:: The data ::

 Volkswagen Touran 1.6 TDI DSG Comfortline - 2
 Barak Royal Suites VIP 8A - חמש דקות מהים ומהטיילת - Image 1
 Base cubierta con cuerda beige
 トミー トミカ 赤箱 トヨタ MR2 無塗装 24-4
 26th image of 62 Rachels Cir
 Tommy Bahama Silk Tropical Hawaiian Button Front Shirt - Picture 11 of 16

:::
:: The data ::

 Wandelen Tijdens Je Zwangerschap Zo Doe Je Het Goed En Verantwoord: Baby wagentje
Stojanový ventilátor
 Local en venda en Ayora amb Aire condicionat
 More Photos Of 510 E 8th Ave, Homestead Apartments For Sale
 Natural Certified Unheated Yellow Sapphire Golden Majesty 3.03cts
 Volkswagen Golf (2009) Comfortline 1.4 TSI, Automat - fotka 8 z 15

:::

▶ _Activity_: Look above for the line holding "Volkswagen Touran 1.6" and the line holding "Tommy Bahama Silk", then output exactly those two lines and every line between them, nothing more.

▶ _Result of this exercise_:
 Volkswagen Touran 1.6 TDI DSG Comfortline - 2
 Barak Royal Suites VIP 8A - חמש דקות מהים ומהטיילת - Image 1
 Base cubierta con cuerda beige
 トミー トミカ 赤箱 トヨタ MR2 無塗装 24-4
 26th image of 62 Rachels Cir
 Tommy Bahama Silk Tropical Hawaiian Button Front Shirt - Picture 11 of 16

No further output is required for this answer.